Last year, I began logging train trips as a means of gamifying and collecting data on trains encountered on journeys in order to make commuting a bit more interesting. This post explores some data insights from a year of travelling by train, and the implementation & architecture of the logging and analytics system.
NS is the primary train operator in the Netherlands. Each of their trains has a materieelnummer or treinstel identifier displayed on the train exterior and interior. It can be used to uniquely identify the train and determine the train type. For example
2401 with pattern
24xx identifies a 4-carriage train in the Sprinter Lighttrain (SLT) family.
The two datapoints logged on boarding each train are the current date/time, and this identifying number. Over 12 months, 439 trips were logged, on 263 unique trains on 189 different days.
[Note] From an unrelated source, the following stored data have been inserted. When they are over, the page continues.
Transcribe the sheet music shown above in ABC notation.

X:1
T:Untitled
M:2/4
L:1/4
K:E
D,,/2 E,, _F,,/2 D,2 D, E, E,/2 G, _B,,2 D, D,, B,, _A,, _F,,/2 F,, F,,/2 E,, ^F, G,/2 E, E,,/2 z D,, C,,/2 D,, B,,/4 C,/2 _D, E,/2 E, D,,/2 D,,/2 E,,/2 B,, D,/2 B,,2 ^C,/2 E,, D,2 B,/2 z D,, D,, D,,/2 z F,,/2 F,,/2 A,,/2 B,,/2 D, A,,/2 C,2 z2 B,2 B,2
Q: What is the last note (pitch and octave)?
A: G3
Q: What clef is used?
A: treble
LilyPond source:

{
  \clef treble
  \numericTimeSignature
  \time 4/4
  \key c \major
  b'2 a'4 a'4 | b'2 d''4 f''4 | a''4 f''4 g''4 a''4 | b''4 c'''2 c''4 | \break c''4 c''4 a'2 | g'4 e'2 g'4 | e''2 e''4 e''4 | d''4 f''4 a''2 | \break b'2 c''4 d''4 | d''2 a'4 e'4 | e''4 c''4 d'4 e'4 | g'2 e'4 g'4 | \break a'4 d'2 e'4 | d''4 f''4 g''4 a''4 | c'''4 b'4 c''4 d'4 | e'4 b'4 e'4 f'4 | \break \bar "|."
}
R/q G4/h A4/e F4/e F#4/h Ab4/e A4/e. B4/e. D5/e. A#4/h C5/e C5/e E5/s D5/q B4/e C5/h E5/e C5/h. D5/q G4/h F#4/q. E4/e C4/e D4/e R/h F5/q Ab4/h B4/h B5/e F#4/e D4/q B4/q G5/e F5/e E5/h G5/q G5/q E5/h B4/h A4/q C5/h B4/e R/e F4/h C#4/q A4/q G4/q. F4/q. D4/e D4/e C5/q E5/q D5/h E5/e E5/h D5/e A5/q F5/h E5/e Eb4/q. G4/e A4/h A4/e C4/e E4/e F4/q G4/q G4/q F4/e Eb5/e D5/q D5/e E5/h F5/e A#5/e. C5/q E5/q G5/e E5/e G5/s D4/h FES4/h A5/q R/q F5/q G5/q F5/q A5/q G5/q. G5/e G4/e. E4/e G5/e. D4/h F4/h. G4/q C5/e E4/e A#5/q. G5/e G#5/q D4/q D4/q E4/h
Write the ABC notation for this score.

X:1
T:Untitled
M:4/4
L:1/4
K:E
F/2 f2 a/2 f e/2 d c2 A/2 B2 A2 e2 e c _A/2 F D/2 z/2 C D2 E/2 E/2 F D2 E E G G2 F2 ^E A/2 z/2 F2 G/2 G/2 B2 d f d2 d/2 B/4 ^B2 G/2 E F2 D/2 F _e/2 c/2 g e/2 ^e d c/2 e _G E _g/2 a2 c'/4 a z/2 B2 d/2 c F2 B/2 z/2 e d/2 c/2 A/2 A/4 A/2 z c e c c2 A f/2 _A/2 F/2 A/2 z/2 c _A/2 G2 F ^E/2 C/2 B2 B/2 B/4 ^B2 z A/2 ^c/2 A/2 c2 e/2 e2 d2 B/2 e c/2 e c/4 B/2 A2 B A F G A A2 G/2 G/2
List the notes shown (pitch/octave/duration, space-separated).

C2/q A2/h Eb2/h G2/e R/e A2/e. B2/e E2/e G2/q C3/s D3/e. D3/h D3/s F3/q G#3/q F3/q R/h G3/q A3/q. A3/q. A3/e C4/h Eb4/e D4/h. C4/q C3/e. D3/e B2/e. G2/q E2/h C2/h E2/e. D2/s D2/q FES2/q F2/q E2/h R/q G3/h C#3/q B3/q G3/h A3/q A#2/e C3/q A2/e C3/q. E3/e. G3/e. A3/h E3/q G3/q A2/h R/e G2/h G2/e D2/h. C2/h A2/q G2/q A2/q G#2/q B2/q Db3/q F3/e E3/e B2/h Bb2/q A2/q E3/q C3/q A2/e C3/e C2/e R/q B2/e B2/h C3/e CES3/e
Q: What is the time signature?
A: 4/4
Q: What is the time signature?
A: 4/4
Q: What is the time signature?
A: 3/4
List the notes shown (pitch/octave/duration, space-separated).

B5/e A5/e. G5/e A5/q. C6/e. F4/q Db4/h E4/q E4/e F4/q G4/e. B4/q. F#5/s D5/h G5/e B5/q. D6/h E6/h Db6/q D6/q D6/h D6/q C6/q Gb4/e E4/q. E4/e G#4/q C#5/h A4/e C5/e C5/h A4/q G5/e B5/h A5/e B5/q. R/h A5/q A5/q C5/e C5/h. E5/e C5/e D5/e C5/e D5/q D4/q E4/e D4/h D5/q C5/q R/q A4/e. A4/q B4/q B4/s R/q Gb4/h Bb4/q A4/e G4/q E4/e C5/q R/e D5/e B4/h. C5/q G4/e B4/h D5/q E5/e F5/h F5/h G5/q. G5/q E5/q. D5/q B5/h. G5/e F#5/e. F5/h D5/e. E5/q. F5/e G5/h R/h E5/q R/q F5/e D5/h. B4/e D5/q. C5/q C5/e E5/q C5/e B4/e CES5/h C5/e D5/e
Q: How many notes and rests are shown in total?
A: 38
A small logger webpage for mobile & desktop was created. This makes it easy to add log entries on the go. The page doubles as an analytics dashboard, with many of those visualisations recreated here. Charts on the frontend use Chartjs. On the backend, a PostgreSQL database stores the log entries. A small Python Flask app provides the API: an interface for analytic SQL queries and data entry. This is hosted on Azure as a free-tier static webapp, with the API running as part of an HTTP-triggered Azure function.
Gotta catch ‘em all
Comparing the type of the logged trains with data available online about the composition of the NS fleet (for example on treinenweb.nl), we can estimate how much of the fleet has been encountered, broken down by train family, and how many trains are still left to “catch”:
The majority of trips are commuting between cities, accounting for a higher proportion of Intercity (VIRM, DDZ, ICM) class trains encountered. On these particular routes, VIRM is the most frequently employed rolling-stock type.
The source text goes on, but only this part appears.